The locations added through static configuration cannot be removed through the catalog locations API. To remove these locations, you must remove them from the configuration.
Syntax errors or other types of errors present in catalog-info.yaml
files will
be logged for investigation. Errors do not cause processing to abort.
When multiple catalog-info.yaml
files with the same metadata.name
property
are discovered, one will be processed and all others will be skipped. This
action is logged for further investigation.
Integration Processors
Integrations may simply provide a mechanism to handle url
location type for an
external provider, or they may also include additional processors out of the
box, such as the GitHub discovery
processor that scans a GitHub organization for
entity descriptor files.
Check the integrations documentation to see what is offered by each integration.
Custom Processors
To ingest entities from an existing system already tracking software, you can also write a custom processor to convert between the existing system and Backstage's descriptor format. This is documented in External Integrations.
Catalog Rules
By default the catalog will only allow ingestion of entities with the kind
Component
, API
and Location
. In order to allow entities of other kinds to
be added, you need to add rules to the catalog. Rules are added either in a
separate catalog.rules
key, or added to statically configured locations.
For example, given the following configuration:
catalog:
rules:
- allow: [Component, API, Location, Template]
locations:
- type: url
target: https://github.com/org/example/blob/master/org-data.yaml
rules:
- allow: [Group]
We are able to add entities of kind Component
, API
, Location
, or
Template
from any location, and Group
entities from the org-data.yaml
,
which will also be read as statically configured location.
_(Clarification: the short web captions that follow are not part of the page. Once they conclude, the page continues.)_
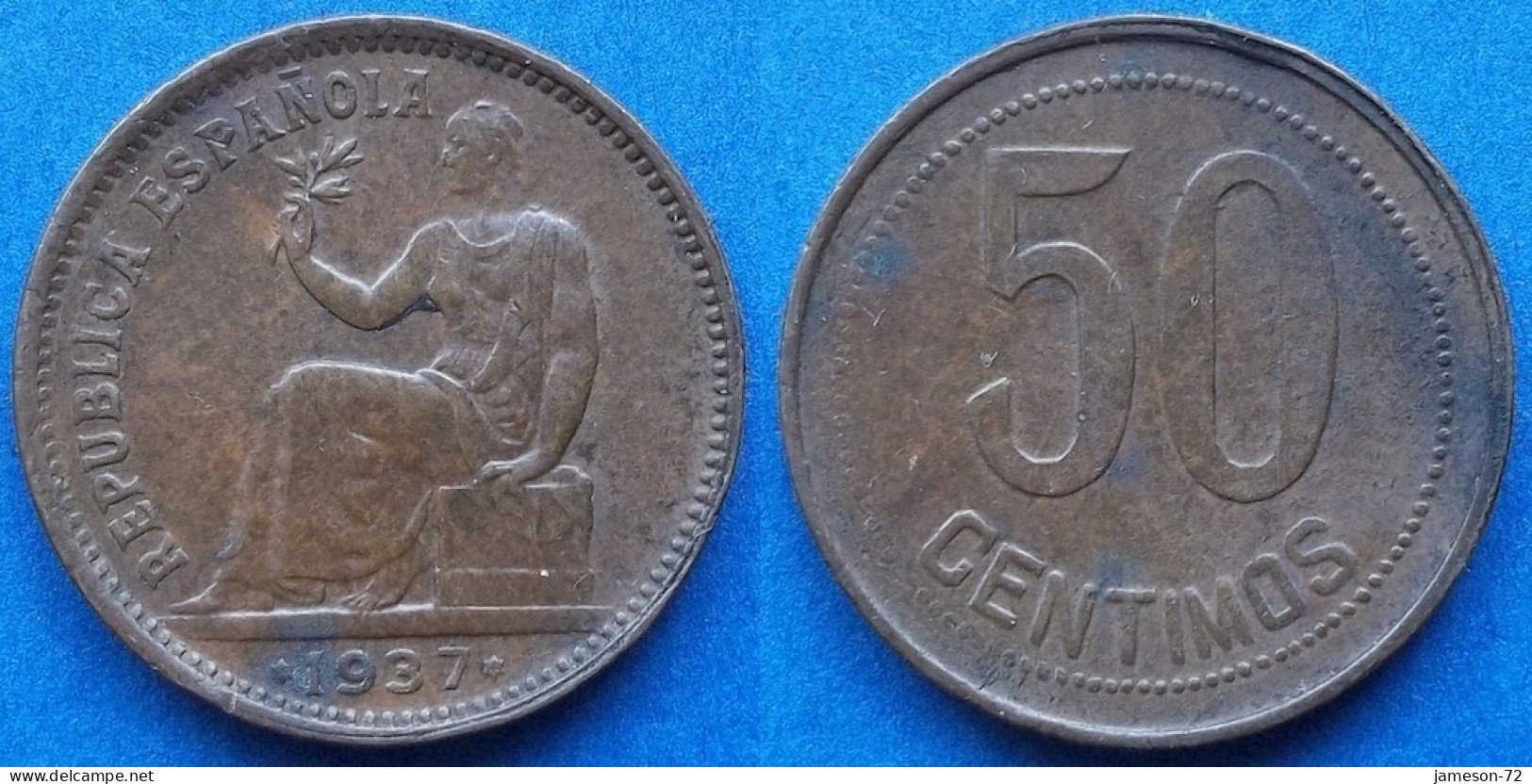 SPAIN - 50 Centimos 1937 *3 *7 "Seated Hispania Left Holding Sprig" KM# 754.1 II Republic (1931-1939) - Edelweiss Coins - 50 Centiemos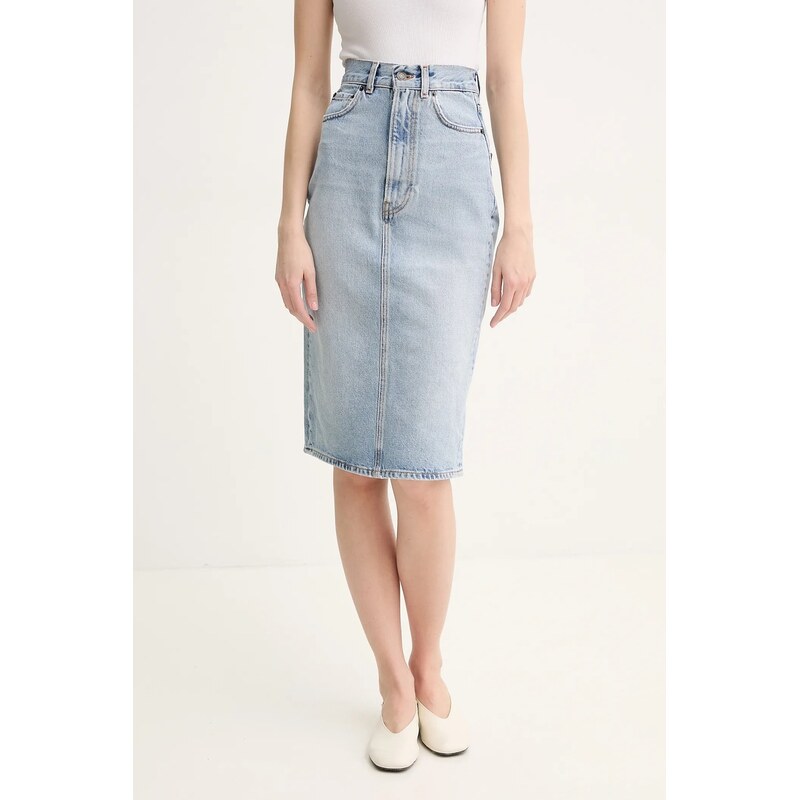 Rifľová sukňa Fiorucci Faded Heart Pocket Denim Midi Skirt 63089091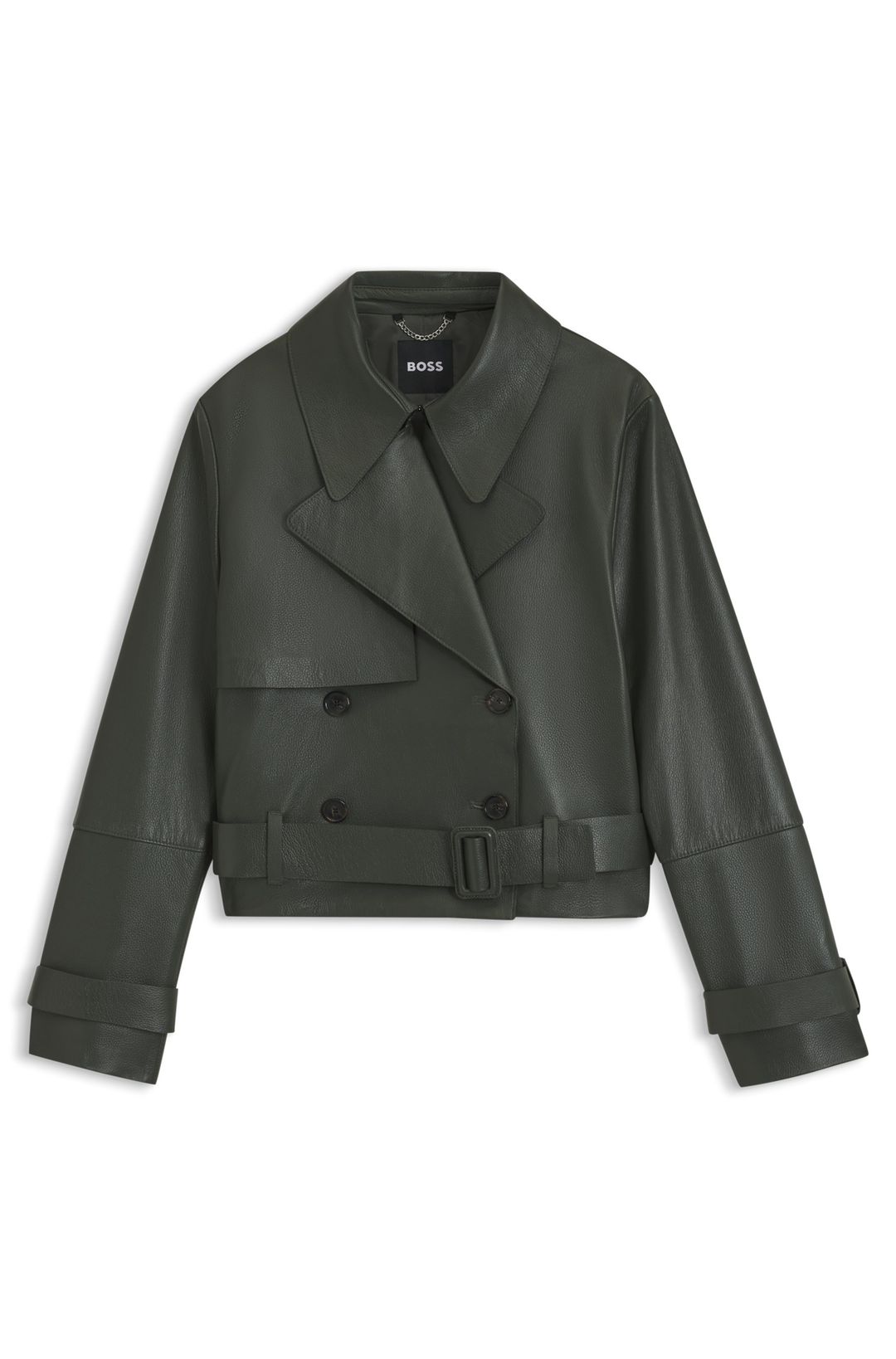 Kožená bunda s příkopovým stylem - Dark Green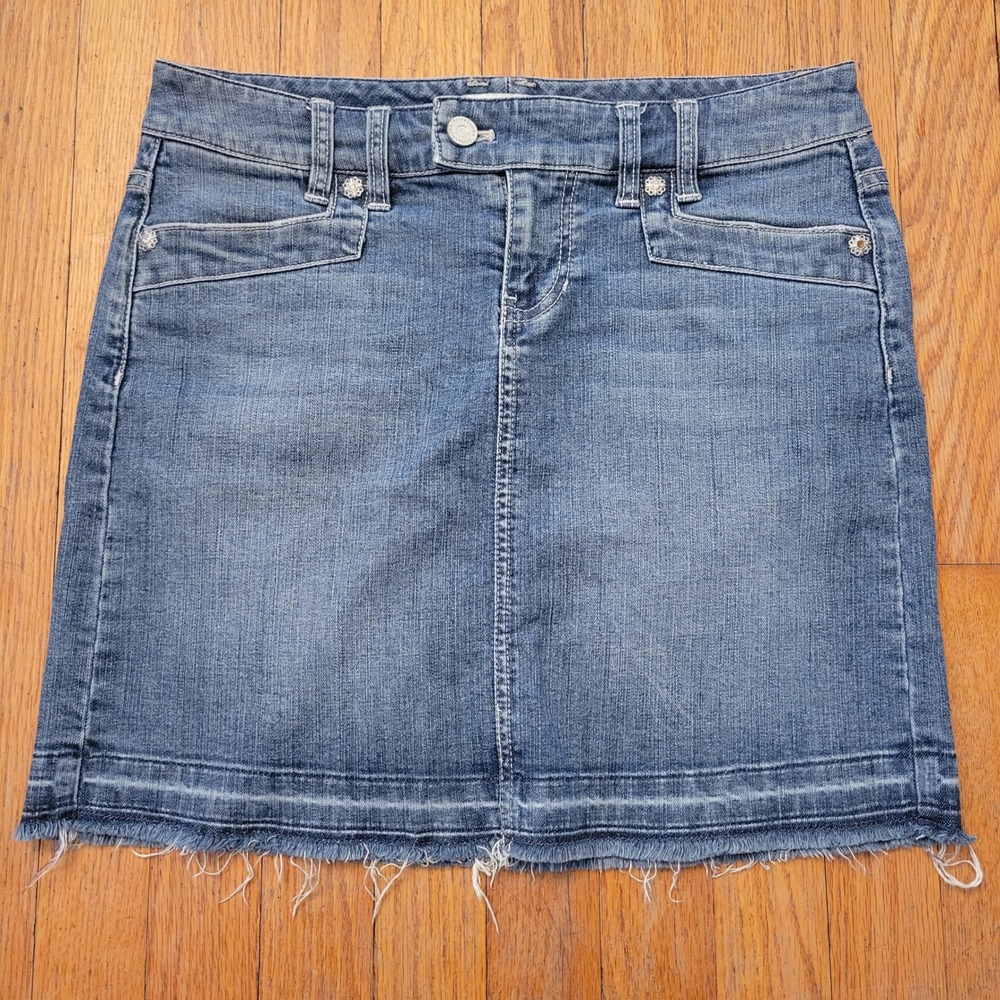White House Black Market 0 Denim Mini Skirt Blue Jean Frayed Hem Y2K 90s Grunge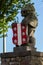 Gouda, South-Holland/The Netherlands - October 27 2018: Lion statue holding Gouda city emblem located at the Veerstal side view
Note that if the catalog.rules
key is present it will replace the default
value, meaning that you need to add rules for the default kinds if you want
those to still be allowed.
The following configuration will reject any kind of entities from being added to the catalog:
catalog:
rules: []
Readonly mode
Processors provides a good way to automate ingestion of entities when combined
with Static Location Configuration or a
discovery processor like
GitHub Discovery. To enforce usage of
processors to locate entities we can configure the catalog into readonly
mode.
This configuration disables registering and deleting locations with the catalog APIs.
catalog:
readonly: true
Note that any plugin relying on the catalog API for creating, updating and deleting entities will not work in this mode.
Deleting an entity by UUID, DELETE /entities/by-uid/:uid
, is allowed when using this mode. It may be rediscovered as noted in explicit deletion.
A common use case for this configuration is when organizations have a remote source that should be mirrored into Backstage. To make Backstage a mirror of this remote source, users cannot also register new entities with e.g. the catalog-import plugin.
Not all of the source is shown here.